All the methods you will learn require you to carefully consider how the data were collected, how that pertains to the population of interest, and how that impacts the inferences that can be made. The scope of inference from the bottom of Figure 1.1 is our shorthand term for remembering to think about two aspects of the study – random assignment and random sampling. In a given situation, you need to use the description of the study to decide if the explanatory variable was randomly assigned to study units (this allows for causal inferences if differences are detected) or not (so no causal statements are possible).
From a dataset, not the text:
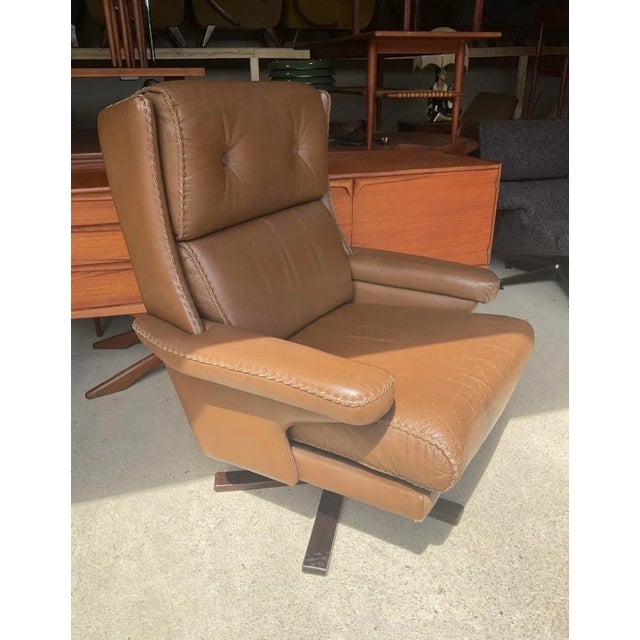 In good used condition with slight discolouration in a couple of places which are shown on the photos. Other than that...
As an example, think about two studies, one where students are randomly assigned to either get tutoring with their statistics course or not and another where the students are asked at the end of the semester whether they sought out tutoring or not. Suppose we compare the final grades in the course for the two groups (tutoring/not) and find a big difference. In the first study with random assignment, we can say the tutoring caused the differences we observed. In the second, we could only say that the tutoring was associated with differences but because students self-selected the group they ended up in, we can’t say that the tutoring caused the differences. The other aspect of scope of inference concerns random sampling: If the data were obtained using a random sampling mechanism, then our inferences can be safely extended to the population that the sample was taken from. However, if we have a non-random sample, our inference can only apply to the sample collected. In the previous example, the difference would be studying a random sample of students from the population of, say, Introductory Statistics students at a university vs studying a sample of students that volunteered for the research project, maybe for extra credit in the class. We could still randomly assign them to tutoring/not but the non-random sample would only lead to conclusions about those students that volunteered. The most powerful scope of inference is when there are randomly assigned levels of explanatory variables with a random sample from a population – conclusions would be about causal impacts that would happen in the population.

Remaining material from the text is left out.